EXERCISE DIRECTIONS.
From the data below, repeat everything exactly except the images.

RECORDS SUPPLIED.
BEGIN

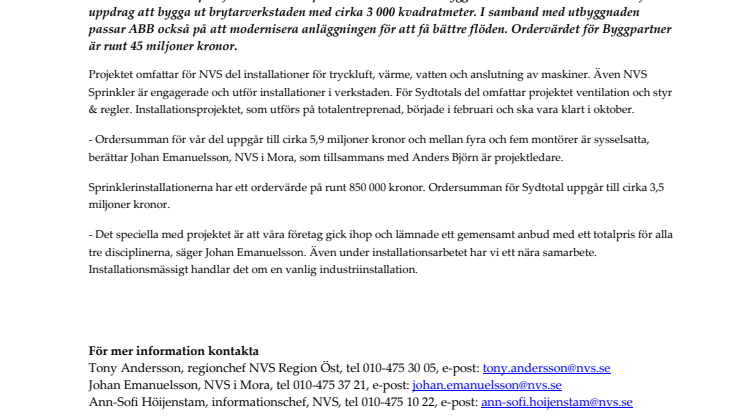 NVS, NEA och Sydtotal i gemensamt projekt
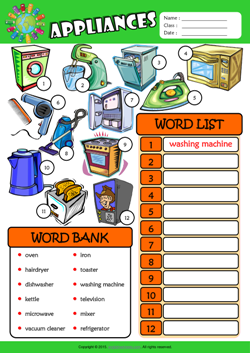 Appliances ESL Find and Write the Words Worksheet For Kids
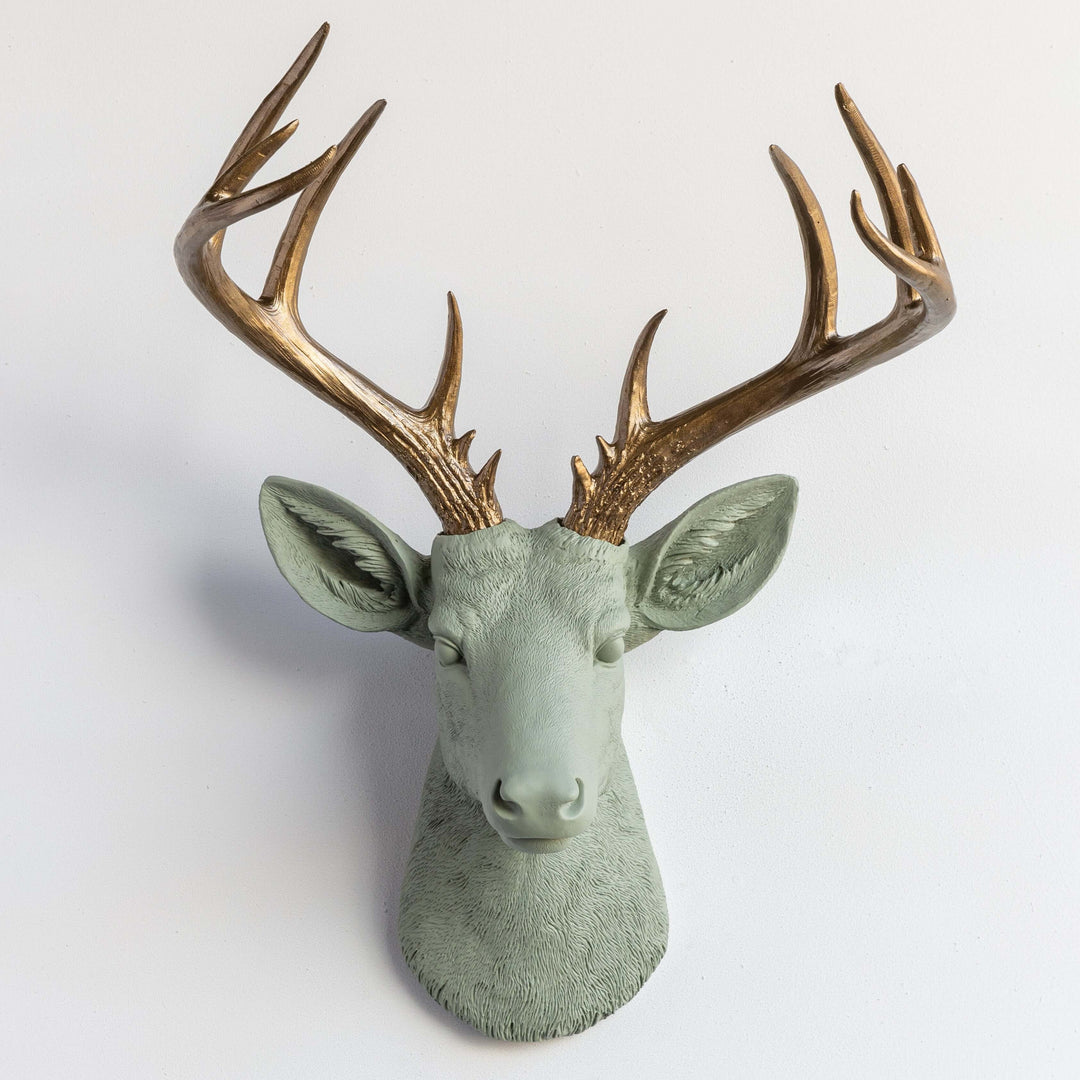 Handcrafted Faux Deer Head Wall Sculpture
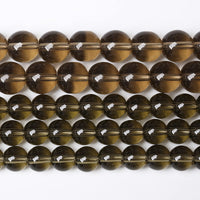 61PCS 6mm Smoky Crystal Quartz Glass Beads Natural Stone Round Loose Beads for Jewelry Making DIY Bracelet Necklace 15 Inch ,Energy Stone Healing Power (6mm, Smoky Quartz Glass)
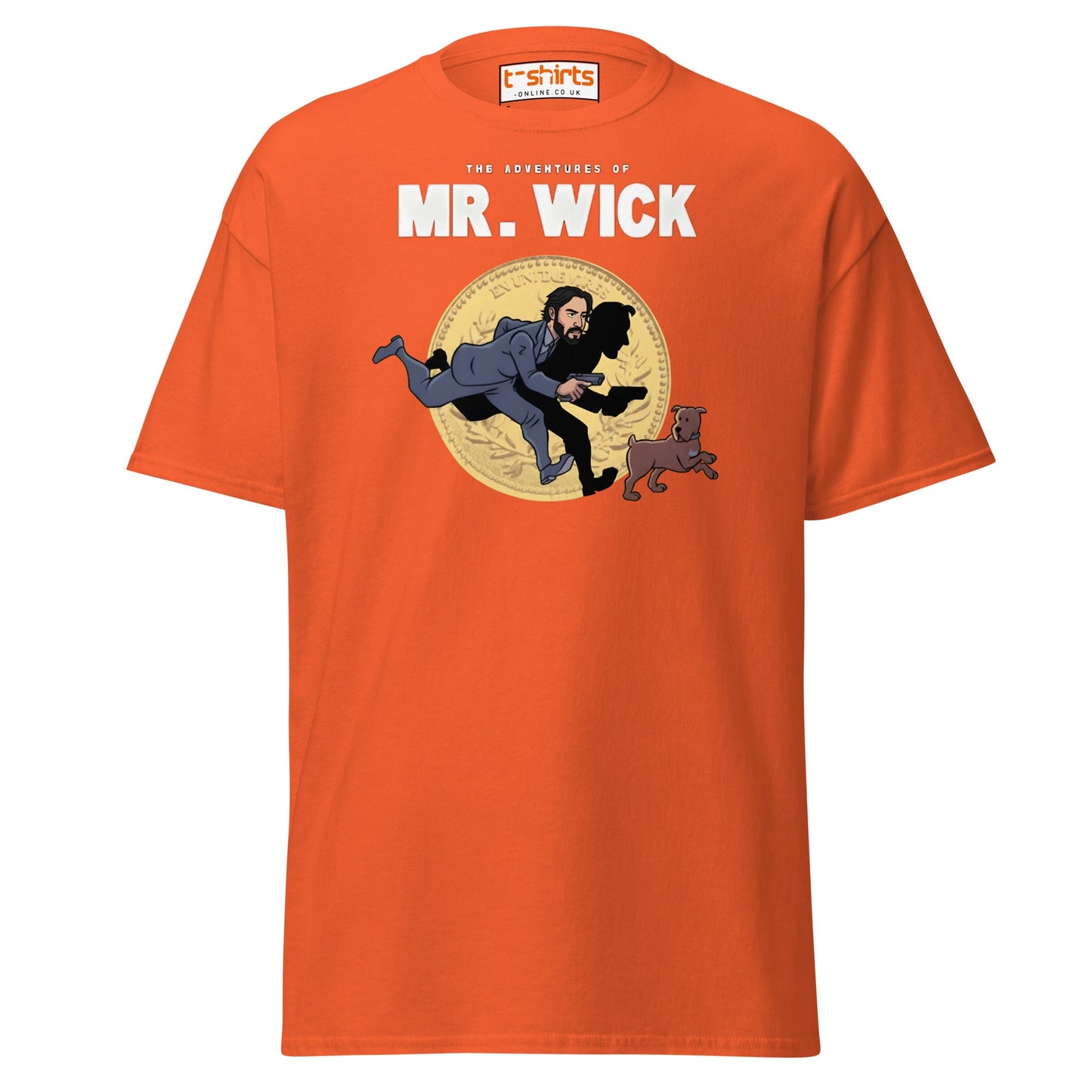 Mr. Wick T-Shirt | Funny John Wick Parody Cartoon Tee - Orange - T-Shirts Online
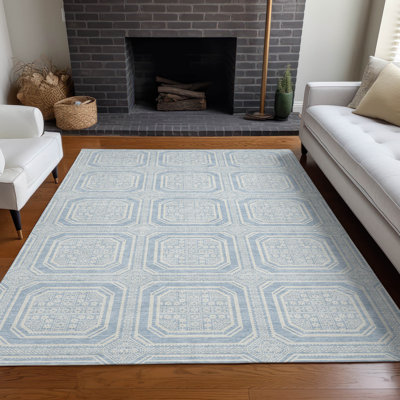 Tapis intérieur / extérieur lavable en machine ACN1462 Sky 2 pi 6 po x 3 pi 10 po Claudian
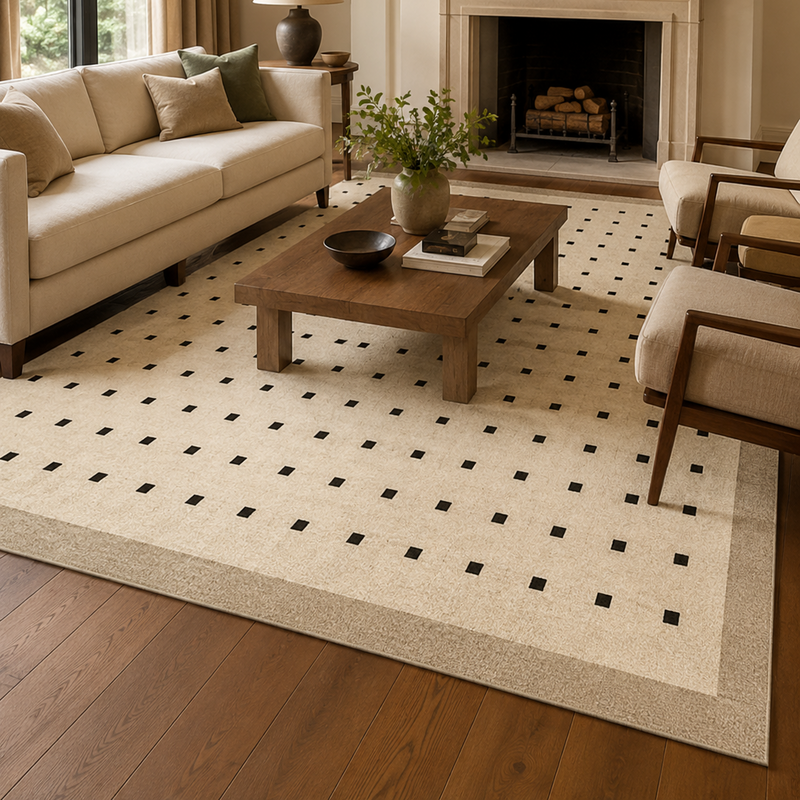 Tapis salon moderne motif à petits carrés beige clair, noir et bordure taupe – Lino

END

RESPONSE BOX.
 NVS, NEA och Sydtotal i gemensamt projekt
 Appliances ESL Find and Write the Words Worksheet For Kids
 Handcrafted Faux Deer Head Wall Sculpture
 61PCS 6mm Smoky Crystal Quartz Glass Beads Natural Stone Round Loose Beads for Jewelry Making DIY Bracelet Necklace 15 Inch ,Energy Stone Healing Power (6mm, Smoky Quartz Glass)
 Mr. Wick T-Shirt | Funny John Wick Parody Cartoon Tee - Orange - T-Shirts Online
 Tapis intérieur / extérieur lavable en machine ACN1462 Sky 2 pi 6 po x 3 pi 10 po Claudian
 Tapis salon moderne motif à petits carrés beige clair, noir et bordure taupe – Lino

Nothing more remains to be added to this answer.